Exercise requirements: Write the records out exactly, so that no picture remains in the copy.

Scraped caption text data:
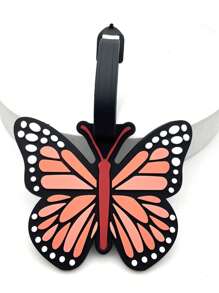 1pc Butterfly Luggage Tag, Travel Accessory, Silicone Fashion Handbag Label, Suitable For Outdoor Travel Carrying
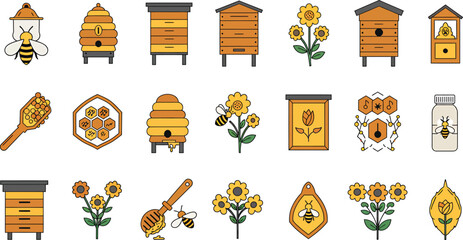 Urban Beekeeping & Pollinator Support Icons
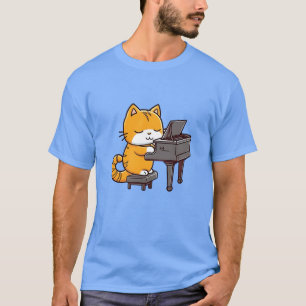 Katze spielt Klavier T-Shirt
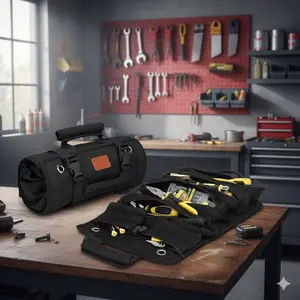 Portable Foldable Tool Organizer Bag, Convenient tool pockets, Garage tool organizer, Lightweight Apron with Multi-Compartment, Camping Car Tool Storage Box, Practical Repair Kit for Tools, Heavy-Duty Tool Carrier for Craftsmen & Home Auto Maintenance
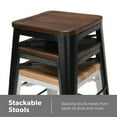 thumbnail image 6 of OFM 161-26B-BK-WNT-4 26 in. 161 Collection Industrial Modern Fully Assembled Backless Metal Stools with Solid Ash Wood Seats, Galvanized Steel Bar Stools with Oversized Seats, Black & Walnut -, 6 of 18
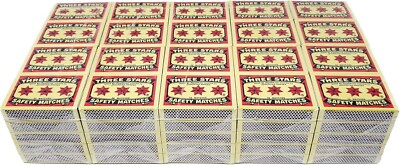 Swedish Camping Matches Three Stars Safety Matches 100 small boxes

Exercise output:
 1pc Butterfly Luggage Tag, Travel Accessory, Silicone Fashion Handbag Label, Suitable For Outdoor Travel Carrying
 Urban Beekeeping & Pollinator Support Icons
 Katze spielt Klavier T-Shirt
 Portable Foldable Tool Organizer Bag, Convenient tool pockets, Garage tool organizer, Lightweight Apron with Multi-Compartment, Camping Car Tool Storage Box, Practical Repair Kit for Tools, Heavy-Duty Tool Carrier for Craftsmen & Home Auto Maintenance
 thumbnail image 6 of OFM 161-26B-BK-WNT-4 26 in. 161 Collection Industrial Modern Fully Assembled Backless Metal Stools with Solid Ash Wood Seats, Galvanized Steel Bar Stools with Oversized Seats, Black & Walnut -, 6 of 18
 Swedish Camping Matches Three Stars Safety Matches 100 small boxes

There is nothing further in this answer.